Hay muchas maneras de mirar, y una de ellas consiste concretamente en hacer puntería. El margen temporal de esta fricción es muy grande; esto termina teniendo un efecto inexorable en el imaginario colectivo. Existe una anécdota que lo resume bastante bien, todo esto. El ‘croissant’ -en francés, el término hace referencia probablemente a la media luna creciente, símbolo del islam- nace en la época de Viena casi sitiada. Puro canibalismo ritual. Vale la pena mencionar la ciudad de Viena, por cierto, sólo para recordar el alcance geográfico de la penetración otomana hacia el Oeste, y el efecto psicológico que debía producir en los atemorizados inventores del ‘croissant’. Adheridas incluso a las palabras, estas cosas son difíciles de borrar.

Ahora y hace tres siglos Turquía sigue siendo percibida por Europa como una amenaza. Han variado las razones de la desconfianza, pero no su intensidad. Antes se apelaba a la cuestión militar y a la diferencia religiosa, y ahora a la demografía, al respeto a los derechos humanos o la economía; el resultado es el mismo. La plena integración de Turquía en la Unión Europea, de momento quimérica, está condicionada por completo por el recuerdo histórico de un Imperio otomano que innegablemente ha sido el principal (¡y único!) enemigo real de la Europa cristiana a lo largo de muchos siglos.

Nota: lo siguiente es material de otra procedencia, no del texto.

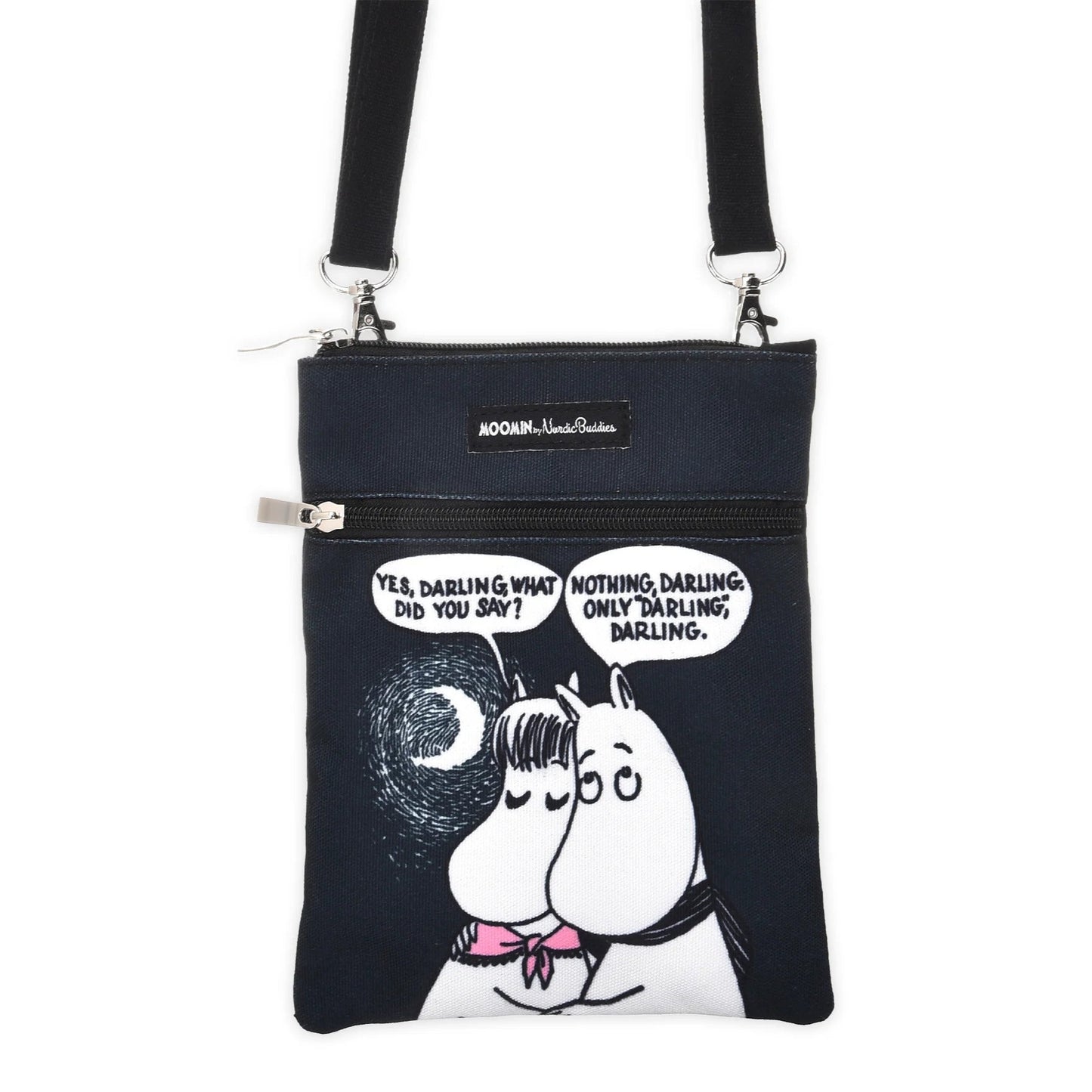 Moomin Love Neck Bag - Black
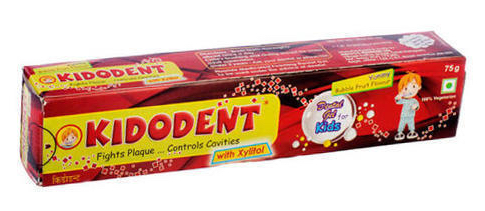 Kidodent fluoridated medicated oral gel toothpaste for kids 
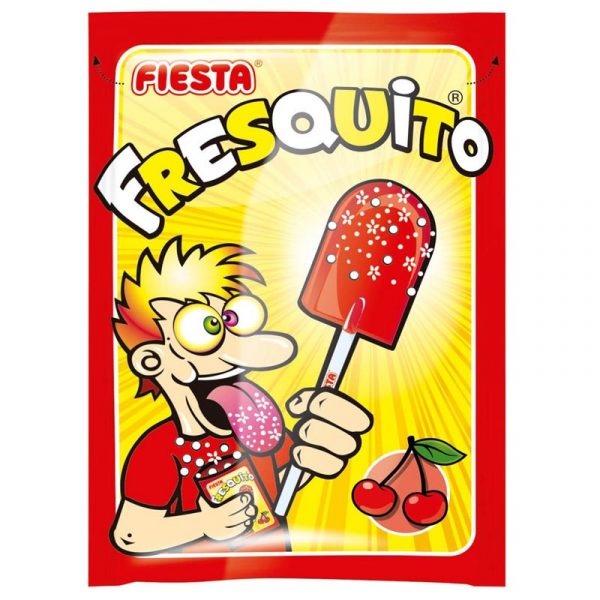 Fresquito Cereza - Caramelo con palo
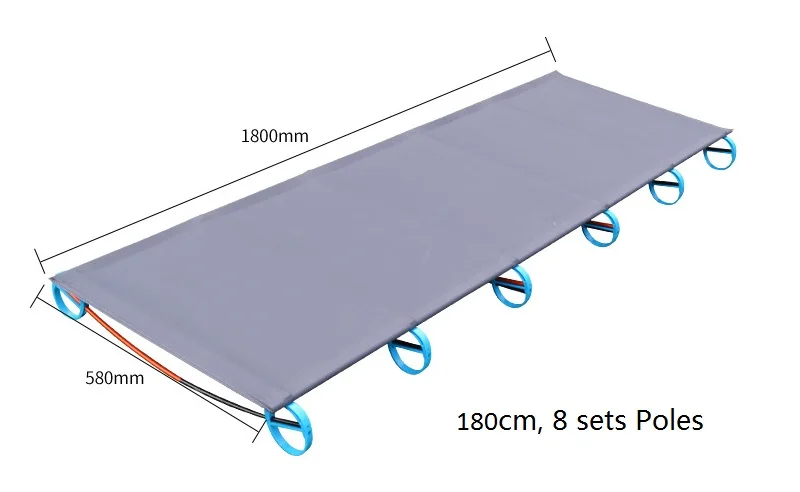 180cm bed 8 poles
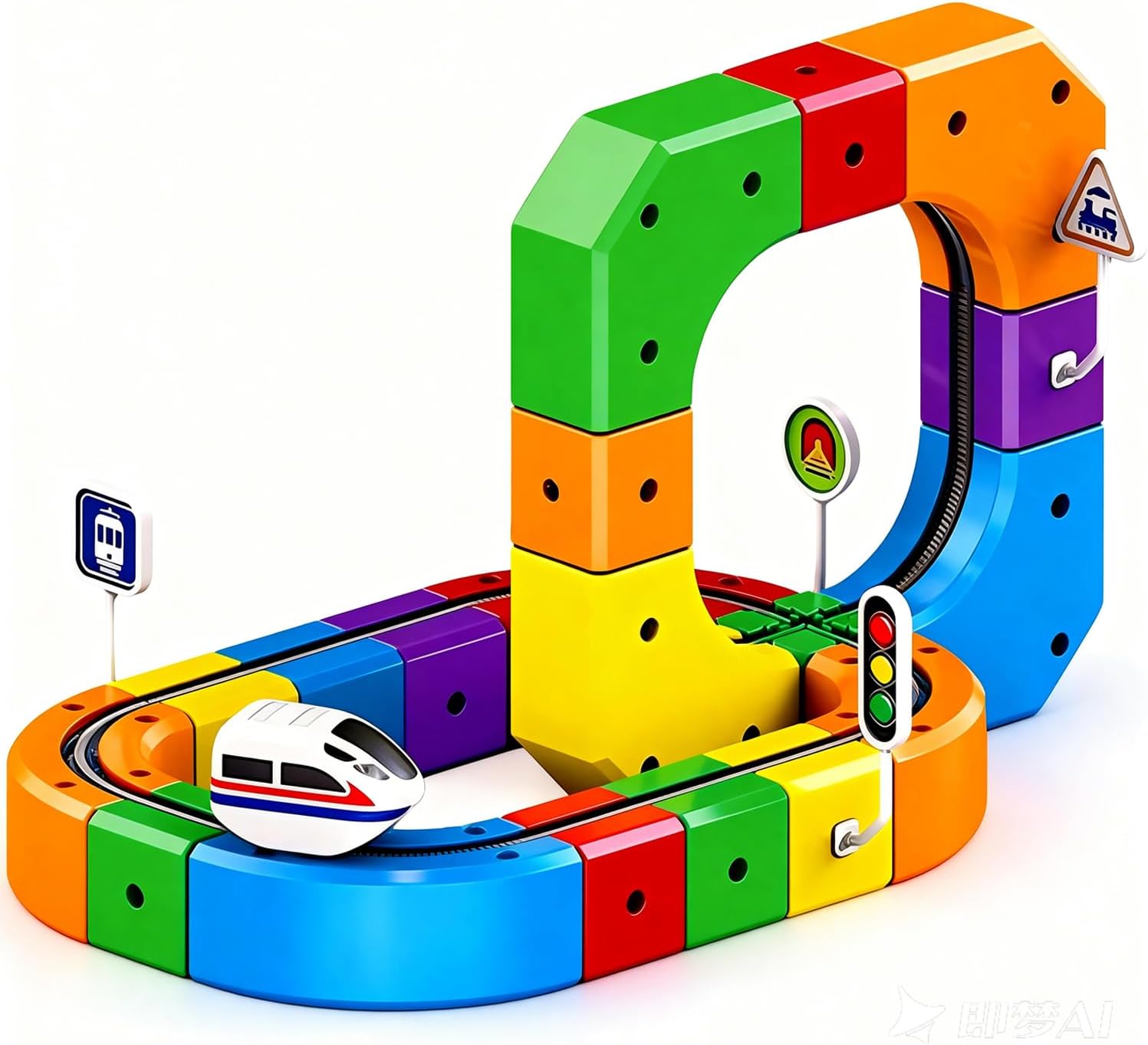 Kid Racing Train Electric Train Set with 3D Magic Flexible Race Tracks for Kids, Gravity ...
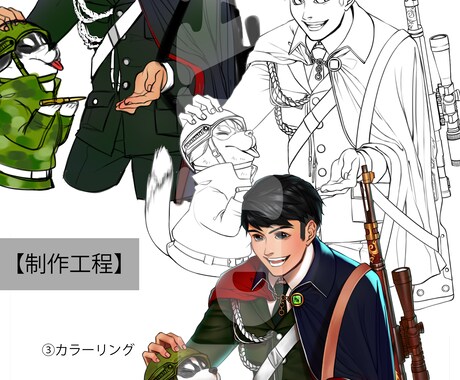 シンプルなキャラクターイラストお描き致します SNSや壁紙、観賞用などお好きな用途に！版権もOK！ イメージ2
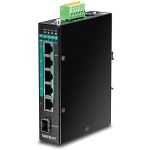 Trendnet TI-PG541 Netzwerk-Switch Unmanaged L2 Gigabit Ethernet (10/100/1000) Power over Ethernet (PoE) Schwarz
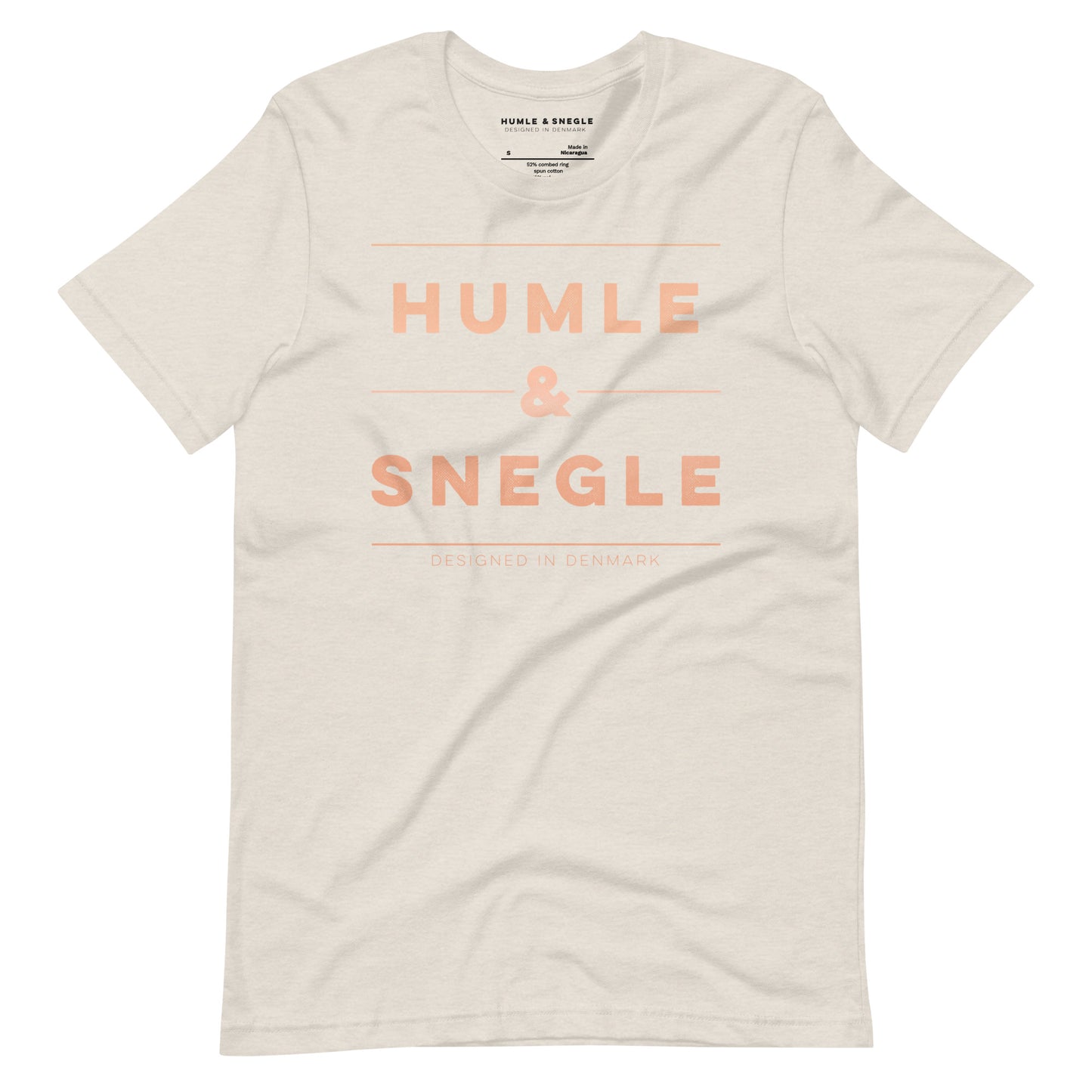 Humle & Snegle Rose Gold Logo T-Shirt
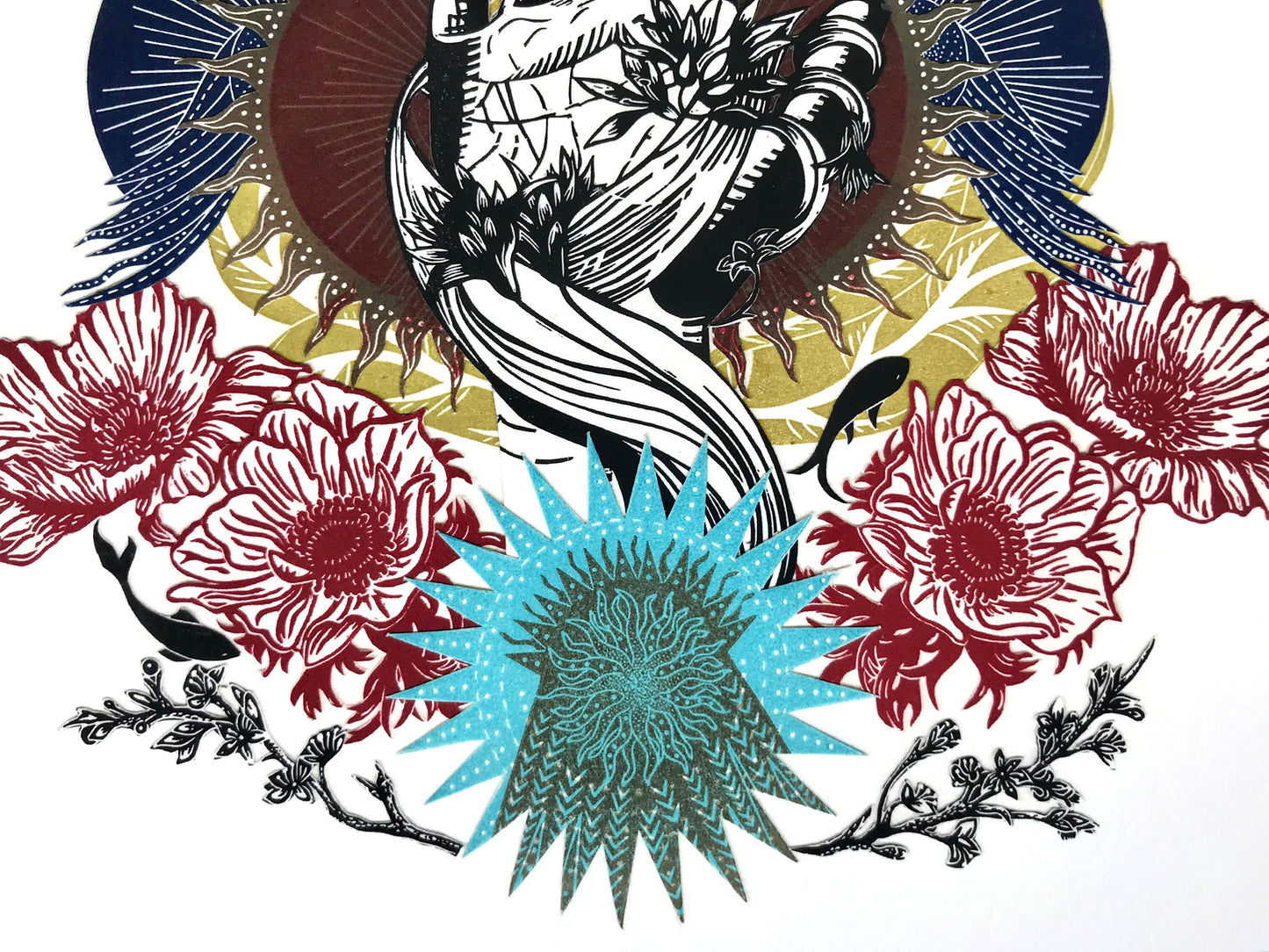 Sanguine Moon Giclee Print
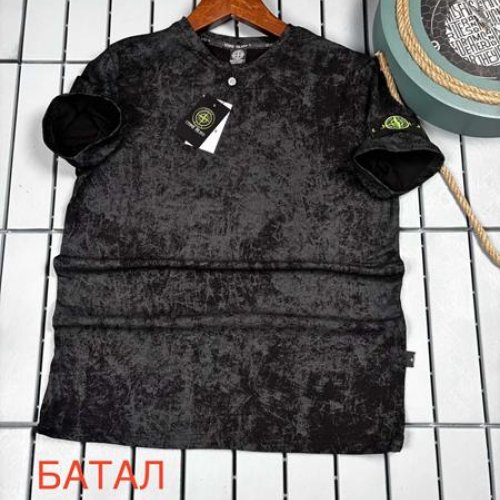 Футболка Hous Of Timur (3XL-7XL) HT3037 black (лето) Hous Of Timur HT3037 black
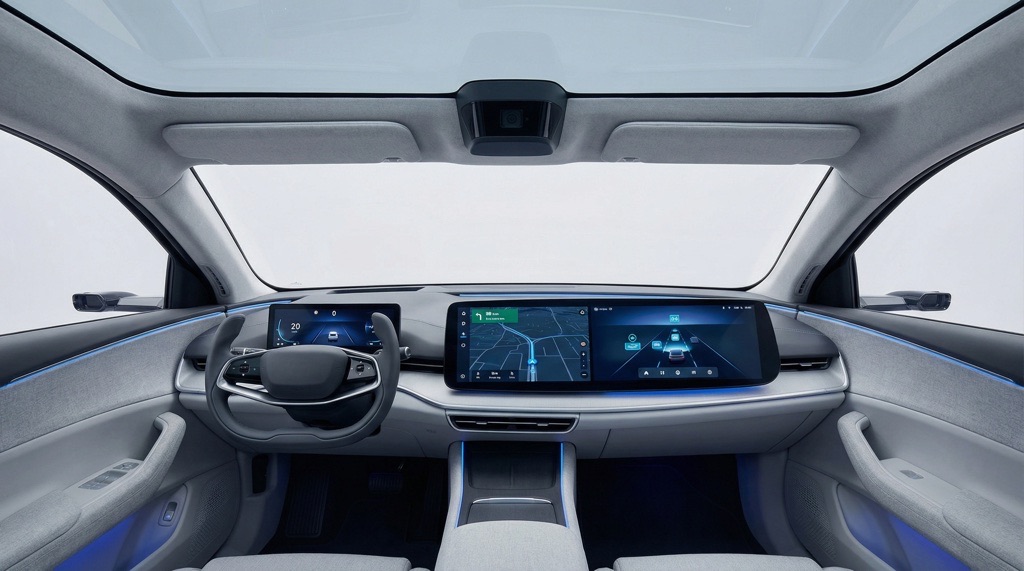 Xiaomi SU7 interior technology with LiDAR and extended EV range
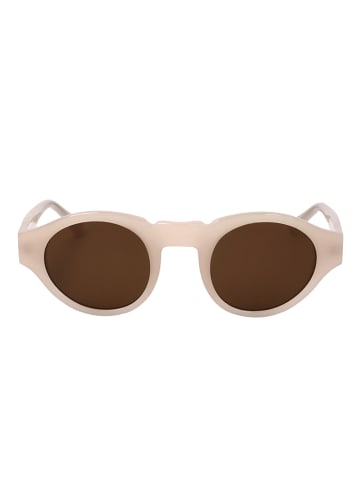 Dries Van Noten Damskie okulary przeciwsłoneczne w kolorze beżowo-brązowym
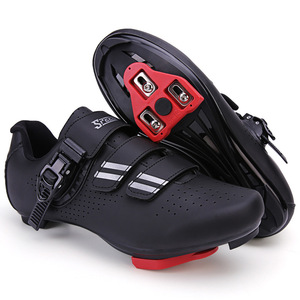 Chaussures de vélo personnalisées en cuir véritable pour hommes et femmes, chaussures de vélo de <span class=keywords><strong>route</strong></span>, chaussures de vélo de montagne, chaussures d'assistance - Product Image 2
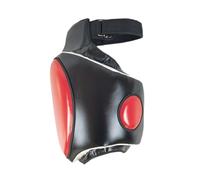 mophrati Equipo de Entrenamiento de Taekwondo, Protector Corporal para Muslos, Espuma Resistencia, Ideal para Entrenadores y compañeros Entrenamiento, Protectores, Negro y Rojo, Izquierda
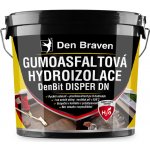DEN BRAVEN DenBit DISPER DN Gumoasfaltová hydroizolace kbelík 5 kg, černá (11008BI) – Hledejceny.cz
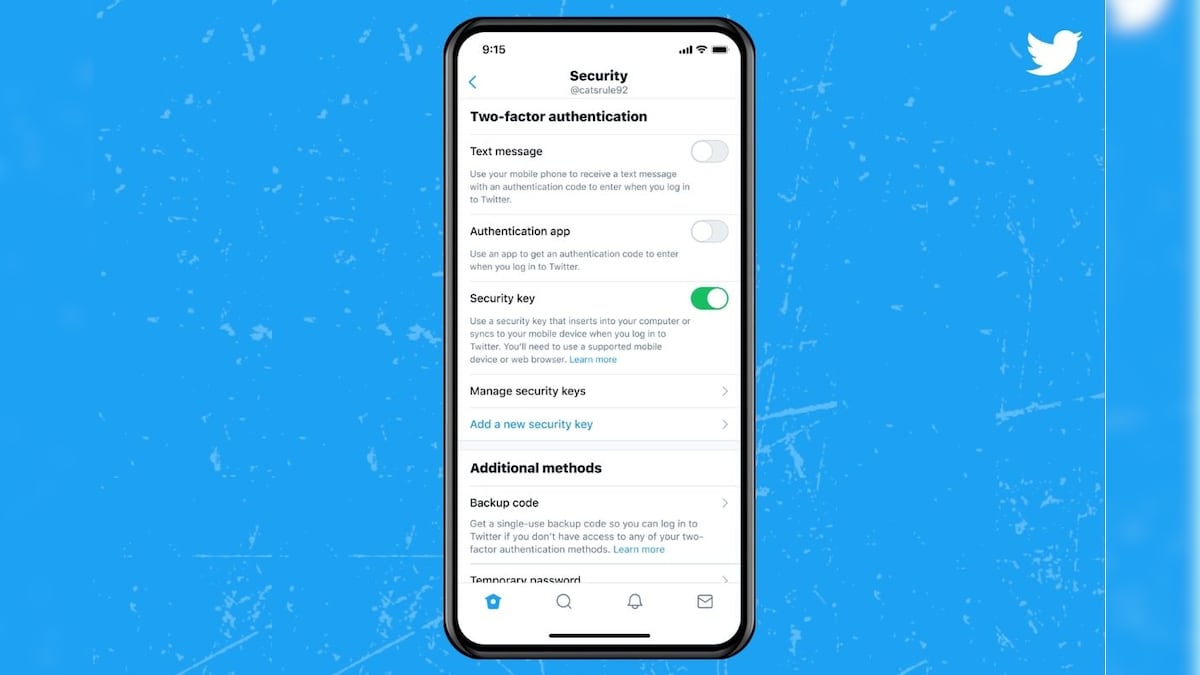 Twitter Now Supports Security Keys as Sole Two-Factor Authentication Method
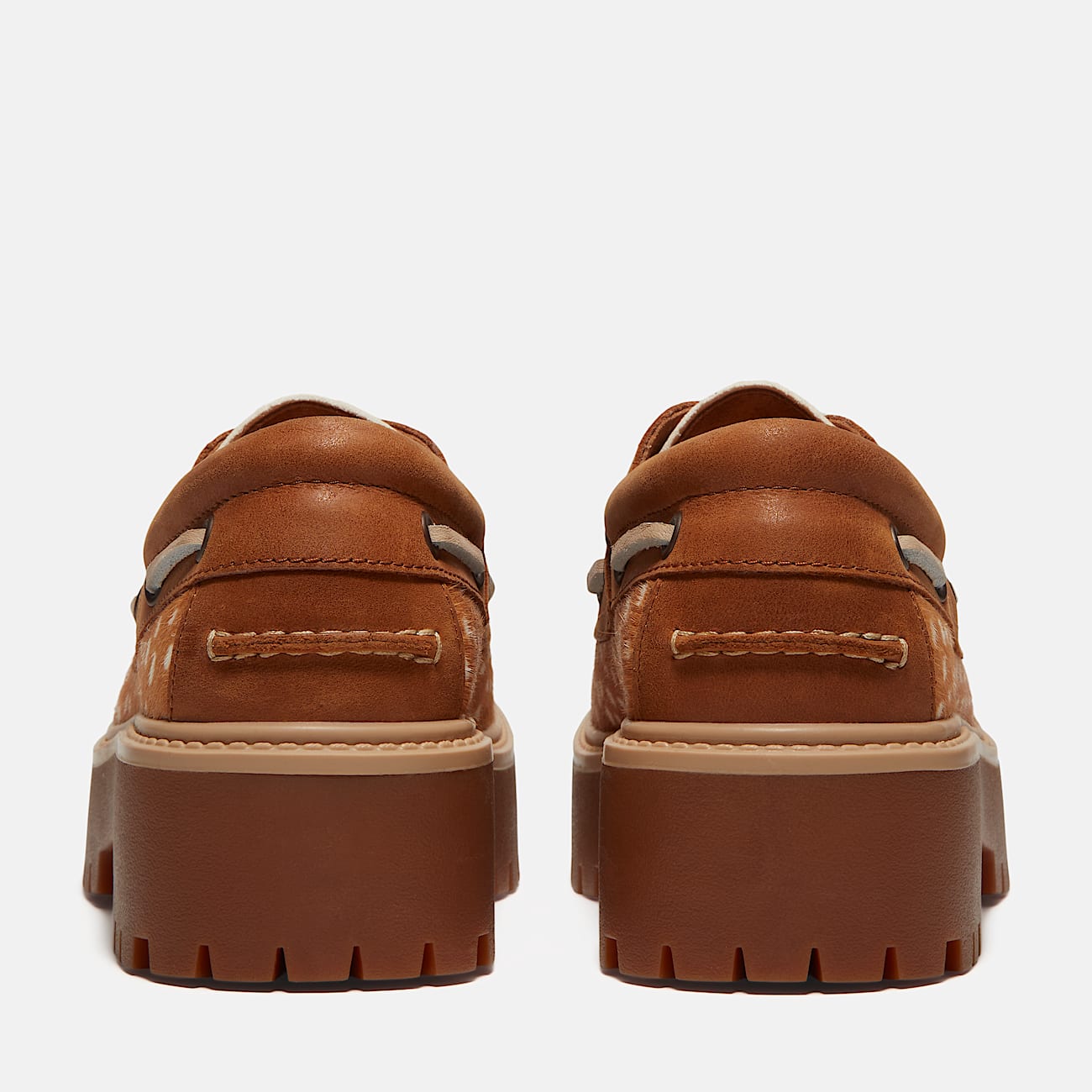 Stone Street Platform Boat Shoe for Women in BrownBeige TBL Brown ALT9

En la Europa balcánica, la cultura turca es mucho más que un recuerdo: es una verdadera presencia en forma de minaretes, hábitos alimenticios, etc. Hacia el Este, las diversas variantes del turco llegan hasta China, distribuidas por varios países de Asia central. Recep Tayyip Erdogan es perfectamente consciente de su fuerza, y precisamente por eso le ha ido todo tan bien. Pero tiene una enorme piedra en el zapato: el legado laicista de Atatürk. En la segunda entrega de este artículo hablaremos de ello.

 

Turquía: una sospecha razonable (y 2)

FERRAN SAÉZ

El sospechosísimo golpe de Estado acaecido en Turquía hace unas semanas culminó con la detención de miles de personas vinculadas a la oposición frontal al presidente Erdogan. Pero hay algo que este líder político ambiguo y autoritario no puede detener ni neutralizar: el legado modernizador de Atatürk. Desde que fundó la República Turca en 1922, Mustafa Kemal Atatürk (1881-1938) ha sido algo más que un estadista reverenciado. Ha actuado también una especie de aviso sobre la irrenunciable vocación de modernidad y europeidad de Turquía. Este país se había erigido como el aliado más incondicional y fiel de Occidente, a pesar del enorme riesgo que ello le suponía en relación con sus vecinos, ya fueran la antigua URSS de la guerra fría o el Irak de Sadam Hussein. En su deseo de acercarse a Europa, Atatürk protagonizó -y consumó- una revolución cultural con pocos precedentes históricos, que Erdogan ahora quiere desmantelar discretamente.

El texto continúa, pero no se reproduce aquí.